◆ EXERCISE MATERIAL ◆
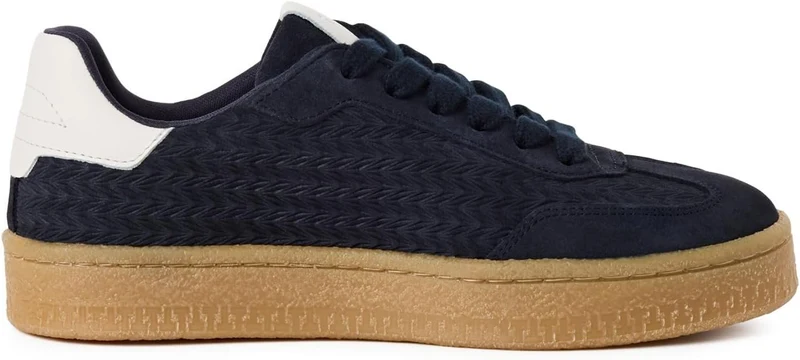 Tamaris Da.-SchnürerModel 2372344, NAVY - 100065558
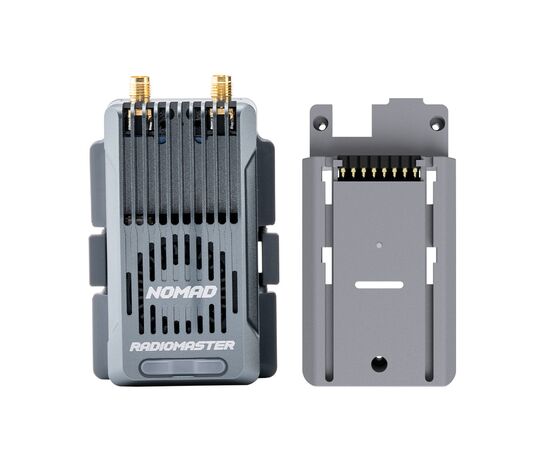 Передатчик (TX) RadioMaster Nomad Dual 1-watt Gemini Xrossband ExpressLRS Module (HP0157.0085N), изображение 4 Передатчик (TX) RadioMaster Nomad Dual 1-watt Gemini Xrossband ExpressLRS Module (HP0157.0085N), изображение 4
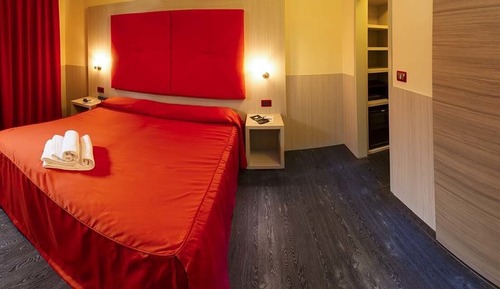 Double Room, View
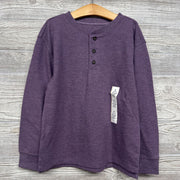 NEW LS Ribbed Henley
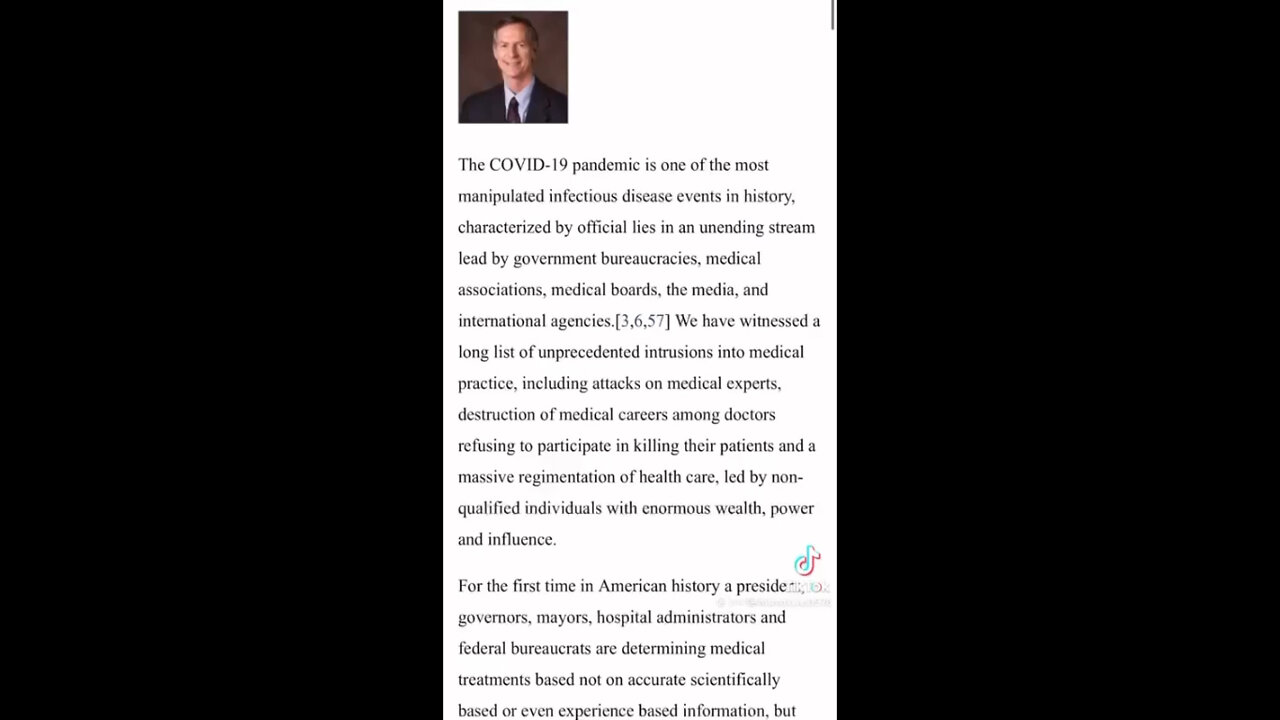 This entire "pandemic" is a scam.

◆ EXERCISE BRIEF ◆
Return every entry unchanged and skip the pictures.

◆ RESULT OF THIS EXERCISE ◆
 Tamaris Da.-SchnürerModel 2372344, NAVY - 100065558
 Передатчик (TX) RadioMaster Nomad Dual 1-watt Gemini Xrossband ExpressLRS Module (HP0157.0085N), изображение 4 Передатчик (TX) RadioMaster Nomad Dual 1-watt Gemini Xrossband ExpressLRS Module (HP0157.0085N), изображение 4
 Double Room, View
 NEW LS Ribbed Henley
 This entire "pandemic" is a scam.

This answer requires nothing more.